• [WHAT THE TASK REQUIRES] Repeat precisely the span of lines below that opens with the line containing "Discount Boto Damskie" and closes with the line containing "Un escuadrón de", both included.

Source records
BEGIN

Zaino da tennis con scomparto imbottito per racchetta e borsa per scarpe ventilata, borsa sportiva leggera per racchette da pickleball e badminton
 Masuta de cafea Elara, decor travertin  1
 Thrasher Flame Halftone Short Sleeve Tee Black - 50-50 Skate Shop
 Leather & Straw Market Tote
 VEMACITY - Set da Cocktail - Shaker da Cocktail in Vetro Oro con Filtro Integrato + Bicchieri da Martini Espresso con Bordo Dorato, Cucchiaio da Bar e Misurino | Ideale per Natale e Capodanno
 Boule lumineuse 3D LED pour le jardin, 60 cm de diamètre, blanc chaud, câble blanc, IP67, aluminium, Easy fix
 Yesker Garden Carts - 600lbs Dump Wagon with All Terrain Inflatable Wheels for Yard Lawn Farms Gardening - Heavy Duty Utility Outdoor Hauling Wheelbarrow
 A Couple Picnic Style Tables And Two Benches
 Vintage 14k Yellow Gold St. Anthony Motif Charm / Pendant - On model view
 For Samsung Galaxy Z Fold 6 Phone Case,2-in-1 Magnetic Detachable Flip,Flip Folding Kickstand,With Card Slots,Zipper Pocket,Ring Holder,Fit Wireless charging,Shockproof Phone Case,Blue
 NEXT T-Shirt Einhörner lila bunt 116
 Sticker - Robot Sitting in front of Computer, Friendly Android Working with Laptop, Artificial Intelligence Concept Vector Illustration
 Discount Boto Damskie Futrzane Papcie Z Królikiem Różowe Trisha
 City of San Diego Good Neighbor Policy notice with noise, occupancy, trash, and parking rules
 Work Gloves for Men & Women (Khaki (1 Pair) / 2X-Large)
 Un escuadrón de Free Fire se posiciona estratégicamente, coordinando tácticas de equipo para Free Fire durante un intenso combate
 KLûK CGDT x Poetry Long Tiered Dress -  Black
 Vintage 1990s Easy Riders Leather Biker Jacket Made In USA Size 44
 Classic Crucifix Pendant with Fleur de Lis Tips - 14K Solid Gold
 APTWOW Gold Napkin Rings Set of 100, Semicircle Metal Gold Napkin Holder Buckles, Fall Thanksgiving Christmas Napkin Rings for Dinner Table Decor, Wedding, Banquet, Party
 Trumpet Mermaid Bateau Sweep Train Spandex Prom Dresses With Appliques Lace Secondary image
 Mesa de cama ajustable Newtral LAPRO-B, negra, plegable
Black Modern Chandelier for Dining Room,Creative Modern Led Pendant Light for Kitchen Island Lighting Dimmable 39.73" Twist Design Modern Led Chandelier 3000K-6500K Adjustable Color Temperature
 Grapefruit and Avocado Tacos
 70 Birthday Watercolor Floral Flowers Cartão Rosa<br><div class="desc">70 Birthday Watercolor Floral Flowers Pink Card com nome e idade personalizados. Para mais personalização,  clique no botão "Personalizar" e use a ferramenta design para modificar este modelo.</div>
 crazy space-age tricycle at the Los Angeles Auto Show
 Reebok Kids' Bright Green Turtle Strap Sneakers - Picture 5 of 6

END

• [ANSWER BELOW]
 Discount Boto Damskie Futrzane Papcie Z Królikiem Różowe Trisha
 City of San Diego Good Neighbor Policy notice with noise, occupancy, trash, and parking rules
 Work Gloves for Men & Women (Khaki (1 Pair) / 2X-Large)
 Un escuadrón de Free Fire se posiciona estratégicamente, coordinando tácticas de equipo para Free Fire durante un intenso combate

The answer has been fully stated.